Financing a commercial vehicle is more complex than getting a standard auto loan. Although most commercial vehicle loans are secured by the vehicle itself, the type of vehicle you need as well as your business and personal finances affect your loan eligibility and conditions. Comparing lenders and getting preapproved for a loan is an essential starting point once you determine you need a vehicle for your business.
Light Vehicle: $10,000 to $250,000; Heavy Equipment: $25,000 to $10 million
Typically 2 years
1 to 10 years
The type of commercial vehicle determines the type of loan you can obtain.
Lenders categorize commercial vehicles as automobiles, vocational vehicles and transportation vehicles. Automobiles include company cars, taxi cabs and delivery vans. Vocational vehicles are used to perform specific work for specialized industries, such as equipment used on construction or agricultural jobs.
Transportation vehicles include long-haul transport trucks such as semi-trucks, 18-wheelers and tractor trailers.

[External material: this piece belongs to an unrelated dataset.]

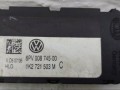 датчик педали газа Skoda Octavia 1 поколение (A4) [рестайлинг] 2005, 1.9 л., BJB, дизель, 1K2721503M - фото №4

Many lenders view transport vehicles as higher risk compared to vocational vehicles because of their transient nature.
Vehicles weighing less than 2 tons are often eligible for commercial vehicle loans structured more like auto loans and with shorter terms. Commercial vehicles heavier than 2 tons are generally financed through longer-term equipment loans.
Buying new ensures that the vehicle is in optimal condition, and it often comes with a warranty. New is often more expensive than a used vehicle. Depending on the vehicle, buying used can be cost-effective, particularly when dealing with heavy-duty equipment built to endure the wear. Loans for used vehicles — both standard automobiles and heavy-duty vehicles — tend to have higher interest rates and shorter available terms.
Although loan eligibility requirements vary from one lender to another, you may be assessed on factors that include your business and personal credit history. Typically lenders consider the following factors.
Dealerships and manufacturers do not directly issue loans, but often work with their preferred lenders to offer you financing options. Those loans may not always be the best choice for your company, however.
Before you start shopping, compare lenders and get preapproved for a commercial vehicle loan. This will give you a sense of the loan conditions and interest rates for which you qualify. For a company car or other standard automobile, you can often get better loan conditions from a third-party lender. Dealerships want you to finance through them, so having a preapproval in hand can help you negotiate lower loan rates when you’re ready to buy.
For fleet vehicles, specialized equipment or heavy transport vehicles, you may find it’s easier to qualify for a loan if you work with a knowledgeable commercial vehicle dealership. Be sure to do your due diligence to ensure that the dealer is experienced in financing business vehicles. Ask if they have a service shop and if they offer vehicle warranties. Compare preapproval offers with those from the dealership.
Interest rates for commercial vehicle loans can be fixed or variable, and are determined by your credit score, vehicle condition, loan amount and loan term.
Lenders evaluate both personal and business credit scores when calculating interest rates. Most commercial vehicle loan borrowers have credit scores in the 700s. If you have bad credit, you will likely pay a higher interest rate and have to personally guarantee the loan.
The vehicle’s miles and overall condition affect the final interest rate. New vehicles have low miles and are in excellent condition, so tend to get better rates. Loans for older vehicles typically carry higher interest rates and require large down payments. Most lenders won’t finance vehicles that are more than 15 years old, or that reach a maximum mileage limit.
Most commercial vehicle lenders require a down payment of 10 to 30 percent. While some lenders may offer to finance 100 percent of the costs to prime borrowers, it may not be the best option. Larger loan amounts typically come with higher interest rates and you pay more over the life of the loan. With a larger down payment, you establish equity in the vehicle, and avoid being in a position where you owe more than the vehicle is worth.
Most commercial vehicle loan terms are no more than 10 years, and frequently much shorter for small automobiles or used vehicles. Longer loan terms often have lower interest rates, but can still end up costing you more over time given the extended monthly payments.
Leasing — effectively a long-term rental agreement — is another option to acquire a commercial vehicle. Rather than financing to own the vehicle, leasing finances the vehicle’s use. At the end of the lease term you have the option to return the vehicle, continue leasing or purchase it. Leasing typically doesn’t require a down payment if you have a good credit score.
Commercial vehicle leases can be either an operating lease — where your business does not have any ownership of the vehicle — or capital lease, where your business is a joint title holder. An arrangement particularly popular with fleet vehicle financing is an operating lease with a terminal rental adjustment clause (TRAC) that establishes the purchase price of the vehicle at the beginning of the lease.